Problem executing Guided Analytics for ML Automation

I am trying the “Guided Analytics for ML Automation” workflow provided in the Example Server, with a simple CSV file with data.

I get this error:

WARN  CASE Switch Data (End) 0:677:381:165:212:216 Node created an empty data table.
ERROR H2O Naive Bayes Learner 0:677:381:165:180:72 Execute failed: Job crashed unexpected. Cause: water.exceptions.H2OModelBuilderIllegalArgumentException: Illegal argument(s) for NaiveBayes model: NaiveBayes_model_1551904666322_4.  Details: ERRR on field: _min_prob: Min. probability must be at least 1e-10
 See log for details.
ERROR H2O Naive Bayes Learner 0:677:381:165:180:72 Execute failed: Job crashed unexpected.

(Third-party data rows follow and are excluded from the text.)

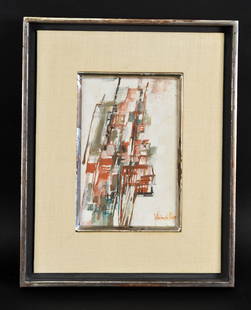 MARIA HELENA VIEIRA DA SILVA (FRENCH 1908-1992): Portuguese/French abstract painter.Oil on canvas, signed lower right and on verso dated, 1965 and inscribed to PORN JACK FEIR HATT, with a number #9357 on verso. Dimensions: (frame) H 12" x W 9.75" ;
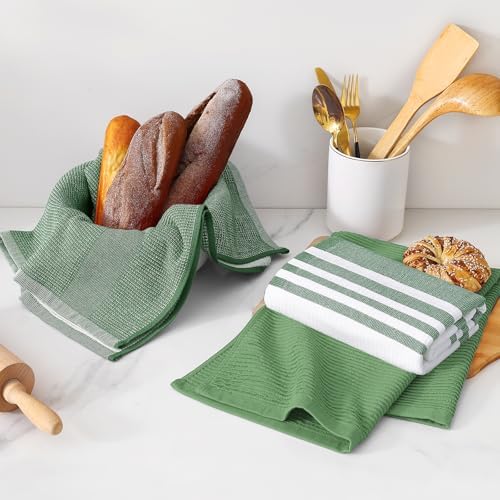 Homaxy Cotton 380 GSM Premium Kitchen Towels, 9 Pack, Grass Green - Image 6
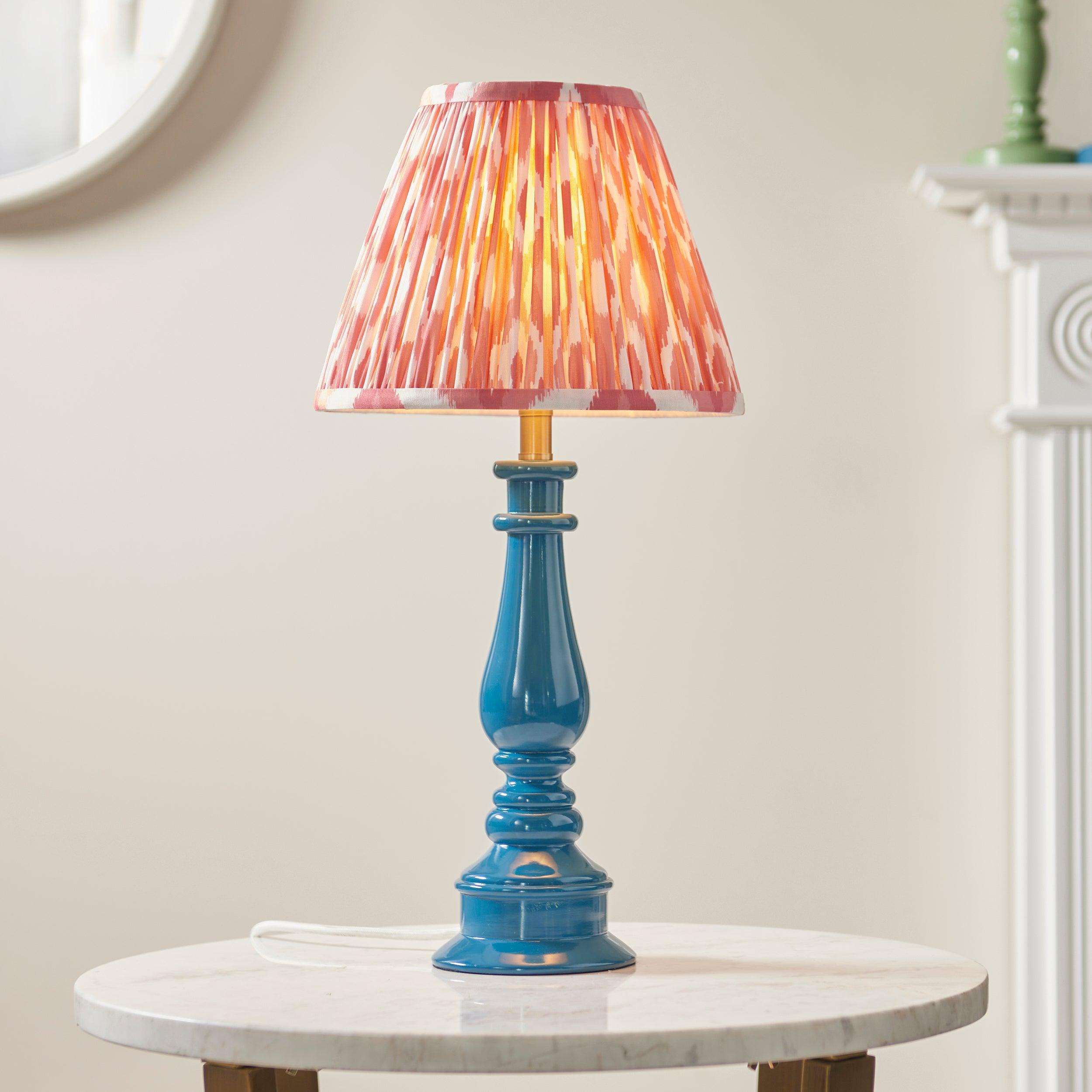 Myrtle Blue Table Lamp & Ikat 25cm Coral Pink Shade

Cause: water.exceptions.H2OModelBuilderIllegalArgumentException: Illegal argument(s) for NaiveBayes model: NaiveBayes_model_1551904666322_5.  Details: ERRR on field: _min_prob: Min. probability must be at least 1e-10
 See log for details.

How can I prevent this?

Thanks in advance

Hi Peleitor,

are you using a public dataset sample on a CSV file?
If you are can you tell me where I can download it?
I need the data to reproduce the error.

While I am looking into this can you try to run this without Naive Bayes selected in the 4th wrapped metanode?

If you are executing the workflow on the KNIME Analytics Platform:

Right click on the executed Wrapped Metanode “Select Models”.
Open the View.
Uncheck “Naive Bayes”
then “Apply” and finally “Close” in the bottom right corner of the View

If you then execute the rest of the workflow Naive Bayes model will not train
but you will be able to train the other selected models.

Cheers
Paolo

Hello Paolo. It seems to be a more generic issue -not specific to Naive Bayes. I was trying with my own data. and now with the default airline data sample.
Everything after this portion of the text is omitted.